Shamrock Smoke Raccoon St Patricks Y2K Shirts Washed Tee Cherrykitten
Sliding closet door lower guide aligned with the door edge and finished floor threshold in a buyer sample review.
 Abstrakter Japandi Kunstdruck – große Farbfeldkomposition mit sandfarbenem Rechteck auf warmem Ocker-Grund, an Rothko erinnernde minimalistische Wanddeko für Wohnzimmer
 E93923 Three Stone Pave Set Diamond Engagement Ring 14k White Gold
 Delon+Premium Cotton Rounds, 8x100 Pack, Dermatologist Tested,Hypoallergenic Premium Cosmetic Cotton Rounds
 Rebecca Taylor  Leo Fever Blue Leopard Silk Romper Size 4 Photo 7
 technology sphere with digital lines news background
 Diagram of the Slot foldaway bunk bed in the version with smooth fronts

### Instructions for the task
Nothing but the lines from the one containing "Size 4 Photo 7" to the end of the entries belongs in the answer, and each must match exactly.

### Response for this exercise
 Rebecca Taylor  Leo Fever Blue Leopard Silk Romper Size 4 Photo 7
 technology sphere with digital lines news background
 Diagram of the Slot foldaway bunk bed in the version with smooth fronts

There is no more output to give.